Bei Verletzung von mindestens drei Parametern besteht die Vermutung einer Unteralimentation. Diese kann nur durch eine Gesamtabwägung widerlegt werden; ein dritter Prüfschritt prüft mögliche verfassungsrechtliche Rechtfertigungen (z. B. Schuldenbremse, Art. 109 Abs. 3 GG).
V. Subsumtion des VG Schleswig
Das Gericht folgte diesen Maßstäben konsequent.
Im Mittelpunkt standen zwei zentrale Parameter:
1. Abstandsgebot zur Grundsicherung
Für eine vierköpfige Beamtenfamilie wurde eine Mindestalimentation von 44.550,18 € netto ermittelt.
Die tatsächliche Nettoalimentation der Besoldungsgruppen A 6 bis A 9 lag teils mehr als 7 % darunter (z. B. A 6: 41.297,89 €).
Ursächlich war insbesondere der Energie- und Heizkostenanstieg 2022, der den gesetzlichen Berechnungsrahmen sprengte.
→ Ergebnis: evidente Unteralimentation.
2. Abstandsgebot zwischen den Besoldungsgruppen
Das Gericht bewertete den Familienergänzungszuschlag (§ 45a SHBesG) als Besoldungsbestandteil, nicht als freiwillige Sozialleistung.

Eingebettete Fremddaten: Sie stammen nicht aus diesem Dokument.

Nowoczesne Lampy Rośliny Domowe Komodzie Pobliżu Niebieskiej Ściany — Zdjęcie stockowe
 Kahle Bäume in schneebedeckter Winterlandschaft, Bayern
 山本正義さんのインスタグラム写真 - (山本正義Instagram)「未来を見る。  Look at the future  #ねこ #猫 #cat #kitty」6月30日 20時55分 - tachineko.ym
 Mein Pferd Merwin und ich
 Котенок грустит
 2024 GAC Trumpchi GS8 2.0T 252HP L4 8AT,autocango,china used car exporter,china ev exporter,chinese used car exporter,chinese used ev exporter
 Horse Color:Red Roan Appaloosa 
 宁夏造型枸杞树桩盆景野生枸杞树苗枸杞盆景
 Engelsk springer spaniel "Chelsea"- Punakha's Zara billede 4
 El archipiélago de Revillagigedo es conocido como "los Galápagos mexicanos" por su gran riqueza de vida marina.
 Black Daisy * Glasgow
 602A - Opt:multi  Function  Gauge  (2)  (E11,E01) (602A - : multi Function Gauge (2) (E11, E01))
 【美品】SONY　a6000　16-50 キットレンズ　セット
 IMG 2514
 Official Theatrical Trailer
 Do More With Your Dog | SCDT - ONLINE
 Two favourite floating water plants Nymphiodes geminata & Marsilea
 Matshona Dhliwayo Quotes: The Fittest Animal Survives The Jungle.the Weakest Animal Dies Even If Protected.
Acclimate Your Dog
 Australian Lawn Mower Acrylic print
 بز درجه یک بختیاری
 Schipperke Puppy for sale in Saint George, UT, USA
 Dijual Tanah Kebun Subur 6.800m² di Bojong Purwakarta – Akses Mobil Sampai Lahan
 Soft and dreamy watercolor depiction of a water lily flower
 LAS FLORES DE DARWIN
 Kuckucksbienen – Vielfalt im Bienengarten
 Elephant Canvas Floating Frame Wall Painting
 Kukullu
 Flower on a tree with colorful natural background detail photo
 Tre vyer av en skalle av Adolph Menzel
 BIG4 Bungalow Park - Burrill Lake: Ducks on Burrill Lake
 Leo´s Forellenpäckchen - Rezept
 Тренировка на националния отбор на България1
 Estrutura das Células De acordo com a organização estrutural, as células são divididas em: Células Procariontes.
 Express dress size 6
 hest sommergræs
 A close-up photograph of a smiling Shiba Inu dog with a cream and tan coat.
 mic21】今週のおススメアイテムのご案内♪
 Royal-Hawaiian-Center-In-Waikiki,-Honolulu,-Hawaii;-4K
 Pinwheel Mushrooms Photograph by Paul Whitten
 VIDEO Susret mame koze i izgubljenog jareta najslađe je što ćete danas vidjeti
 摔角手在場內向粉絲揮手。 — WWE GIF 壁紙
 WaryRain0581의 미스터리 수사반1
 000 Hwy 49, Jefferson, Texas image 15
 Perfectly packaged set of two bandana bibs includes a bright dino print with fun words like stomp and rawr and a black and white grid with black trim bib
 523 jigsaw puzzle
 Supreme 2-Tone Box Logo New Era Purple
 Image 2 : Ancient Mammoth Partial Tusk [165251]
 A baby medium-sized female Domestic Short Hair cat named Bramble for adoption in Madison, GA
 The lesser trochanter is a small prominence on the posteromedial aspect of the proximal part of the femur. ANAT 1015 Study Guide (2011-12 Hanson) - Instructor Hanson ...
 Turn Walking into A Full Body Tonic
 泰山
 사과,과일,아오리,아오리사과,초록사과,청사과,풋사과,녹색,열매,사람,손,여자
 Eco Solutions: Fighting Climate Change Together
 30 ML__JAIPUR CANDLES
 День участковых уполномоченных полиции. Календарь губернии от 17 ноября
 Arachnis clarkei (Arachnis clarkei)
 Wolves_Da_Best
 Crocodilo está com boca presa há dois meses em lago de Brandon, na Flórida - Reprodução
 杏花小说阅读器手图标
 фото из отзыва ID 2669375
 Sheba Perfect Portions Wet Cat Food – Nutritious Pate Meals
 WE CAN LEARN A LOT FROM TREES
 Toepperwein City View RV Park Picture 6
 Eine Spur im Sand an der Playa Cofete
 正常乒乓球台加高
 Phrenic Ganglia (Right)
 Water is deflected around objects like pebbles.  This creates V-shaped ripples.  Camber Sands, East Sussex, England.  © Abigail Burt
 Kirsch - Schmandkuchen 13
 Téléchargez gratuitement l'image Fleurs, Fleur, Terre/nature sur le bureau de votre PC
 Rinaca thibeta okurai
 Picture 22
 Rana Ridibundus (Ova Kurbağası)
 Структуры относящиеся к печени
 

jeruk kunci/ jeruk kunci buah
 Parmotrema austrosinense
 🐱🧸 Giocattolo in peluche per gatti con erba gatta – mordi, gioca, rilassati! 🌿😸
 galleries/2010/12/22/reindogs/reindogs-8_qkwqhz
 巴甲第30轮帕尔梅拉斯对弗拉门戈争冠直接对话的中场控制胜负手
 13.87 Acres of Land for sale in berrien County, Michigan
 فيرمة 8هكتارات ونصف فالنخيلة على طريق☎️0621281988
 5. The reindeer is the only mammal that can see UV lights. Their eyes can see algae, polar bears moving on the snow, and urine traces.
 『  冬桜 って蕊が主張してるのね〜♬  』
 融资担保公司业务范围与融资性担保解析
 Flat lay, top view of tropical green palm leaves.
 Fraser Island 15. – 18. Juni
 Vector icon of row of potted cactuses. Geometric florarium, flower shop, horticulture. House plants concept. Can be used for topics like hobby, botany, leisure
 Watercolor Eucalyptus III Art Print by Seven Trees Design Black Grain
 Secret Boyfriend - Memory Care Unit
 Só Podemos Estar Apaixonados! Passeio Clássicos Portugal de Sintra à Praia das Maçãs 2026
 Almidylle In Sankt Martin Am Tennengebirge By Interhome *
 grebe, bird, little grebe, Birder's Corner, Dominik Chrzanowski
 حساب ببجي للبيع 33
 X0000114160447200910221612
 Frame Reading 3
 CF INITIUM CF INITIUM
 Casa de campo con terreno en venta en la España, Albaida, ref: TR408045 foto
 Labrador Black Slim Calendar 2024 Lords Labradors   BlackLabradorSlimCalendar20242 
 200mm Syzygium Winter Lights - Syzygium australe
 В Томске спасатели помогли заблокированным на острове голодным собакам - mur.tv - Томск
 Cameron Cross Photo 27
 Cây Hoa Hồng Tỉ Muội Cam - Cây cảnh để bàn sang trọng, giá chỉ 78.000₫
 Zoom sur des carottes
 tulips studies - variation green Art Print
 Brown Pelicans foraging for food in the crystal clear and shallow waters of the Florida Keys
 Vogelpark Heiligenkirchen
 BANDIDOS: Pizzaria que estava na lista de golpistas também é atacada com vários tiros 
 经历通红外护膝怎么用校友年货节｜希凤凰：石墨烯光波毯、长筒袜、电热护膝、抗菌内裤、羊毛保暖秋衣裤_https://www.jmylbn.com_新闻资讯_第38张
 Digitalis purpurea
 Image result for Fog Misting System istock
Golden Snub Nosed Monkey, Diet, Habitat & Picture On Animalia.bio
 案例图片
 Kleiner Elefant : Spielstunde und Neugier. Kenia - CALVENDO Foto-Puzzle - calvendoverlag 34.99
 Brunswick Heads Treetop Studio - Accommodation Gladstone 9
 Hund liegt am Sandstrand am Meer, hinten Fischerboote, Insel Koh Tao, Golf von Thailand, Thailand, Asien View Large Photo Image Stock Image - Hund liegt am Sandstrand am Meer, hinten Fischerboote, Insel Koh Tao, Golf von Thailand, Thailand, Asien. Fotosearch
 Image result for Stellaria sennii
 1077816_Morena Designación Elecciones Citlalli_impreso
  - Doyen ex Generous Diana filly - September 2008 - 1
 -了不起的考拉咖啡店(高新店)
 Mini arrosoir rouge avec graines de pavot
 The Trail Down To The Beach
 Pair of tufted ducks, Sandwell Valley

Dessen Einbeziehung führte zu einer Nivellierung der Abstände zwischen den Besoldungsgruppen, womit das Leistungsprinzip (Art. 33 Abs. 2 GG) verletzt wurde.
→ Ergebnis: Verletzung des systeminternen Abstandsgebots.
Damit war die Verfassungswidrigkeit der Besoldung 2022 nach mindestens zwei Parametern evident; auch die übrigen Parameter 1 bis 3 bestätigten diese Einschätzung.
VI. Verfahrensrechtliche Folge – Vorlage an das Bundesverfassungsgericht
Da das Verwaltungsgericht nach Art. 100 Abs. 1 GG kein Gesetz verwerfen darf, beschloss die Kammer, das Verfahren dem Bundesverfassungsgericht vorzulegen.
Der Vorlagebeschluss umfasst die gesamte Beamten- und Richterbesoldung 2022 des Landes Schleswig-Holstein.
Die Entscheidung des BVerfG wird damit bundesweite Signalwirkung entfalten, insbesondere für die familienbezogenen Zuschlagsmodelle und die autonome Landesbesoldung nach Aufhebung der Gleichbehandlungszusage.
VII. Bewertung
Der Fall zeigt, dass sich Landesgesetzgeber im Spannungsfeld zwischen fiskalischer Eigenverantwortung und verfassungsrechtlicher Pflichtbindung bewegen.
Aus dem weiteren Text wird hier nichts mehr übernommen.